Required work:
The entries are to be output word for word, with the pictures omitted.

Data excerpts
== Segment start ==

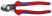 Кабелерез, пружина, рез: кабель Ø 15 мм (50 мм², AWG 1/0), L-165 мм, чёрн., 2-к ручки
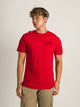 CROOKS & CASTLES CROOKS & CASTLES CROOKS SCRIPT EMBROIDERED T-SHIRT - Boathouse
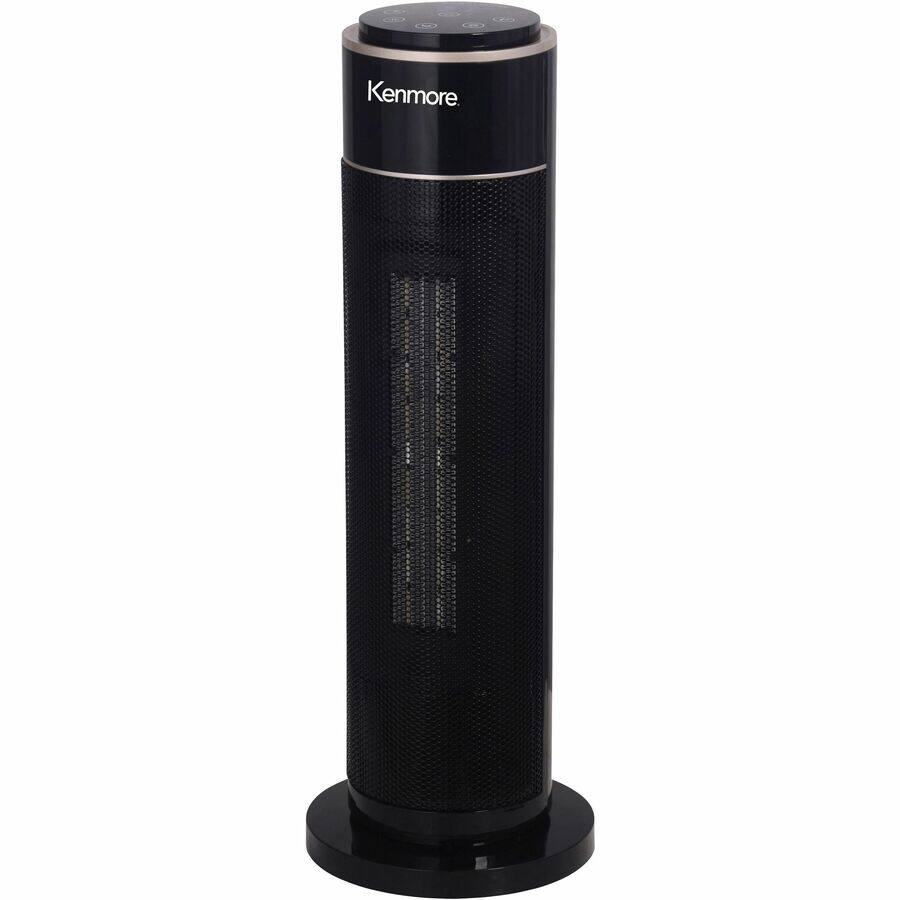 Angle. Kenmore - 21" Tower Heater - Black.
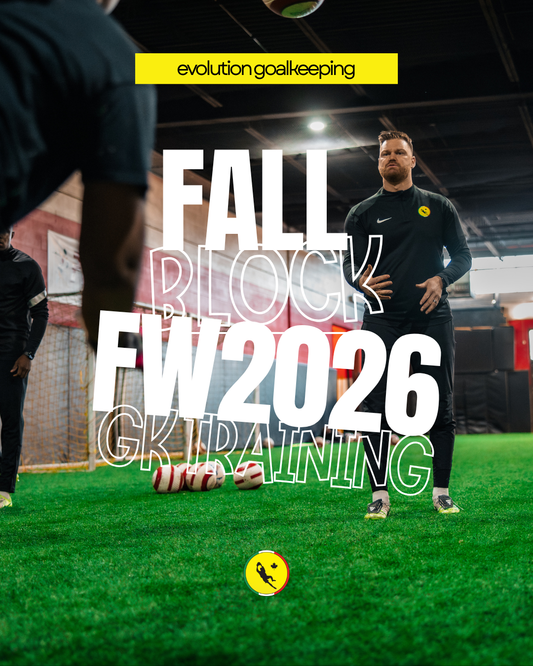 SUNDAYS Fall Block: Sep to Oct - Goalkeeper Training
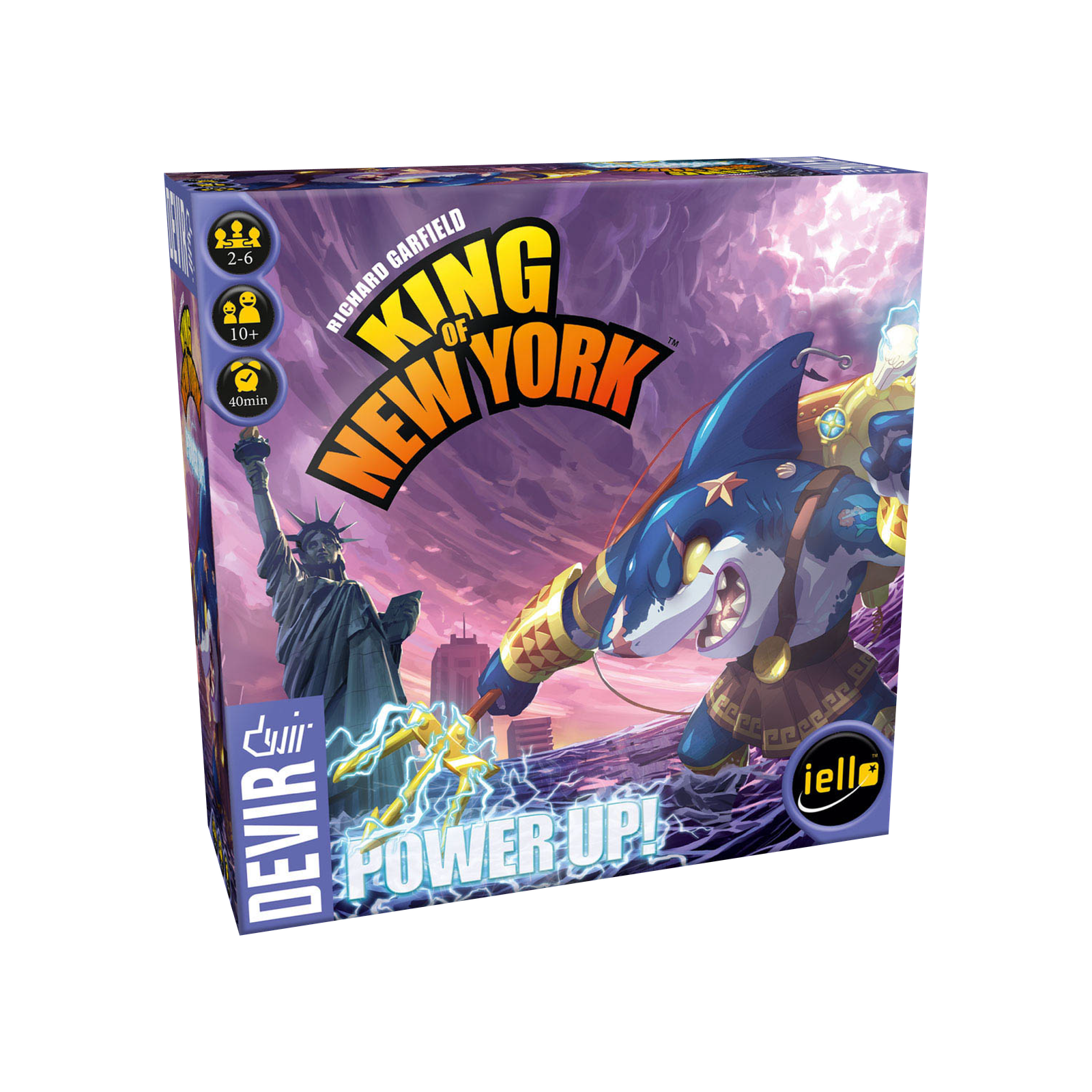 King of New York: Power Up!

== Segment end ==

Result:
 Кабелерез, пружина, рез: кабель Ø 15 мм (50 мм², AWG 1/0), L-165 мм, чёрн., 2-к ручки
 CROOKS & CASTLES CROOKS & CASTLES CROOKS SCRIPT EMBROIDERED T-SHIRT - Boathouse
 Angle. Kenmore - 21" Tower Heater - Black.
 SUNDAYS Fall Block: Sep to Oct - Goalkeeper Training
 King of New York: Power Up!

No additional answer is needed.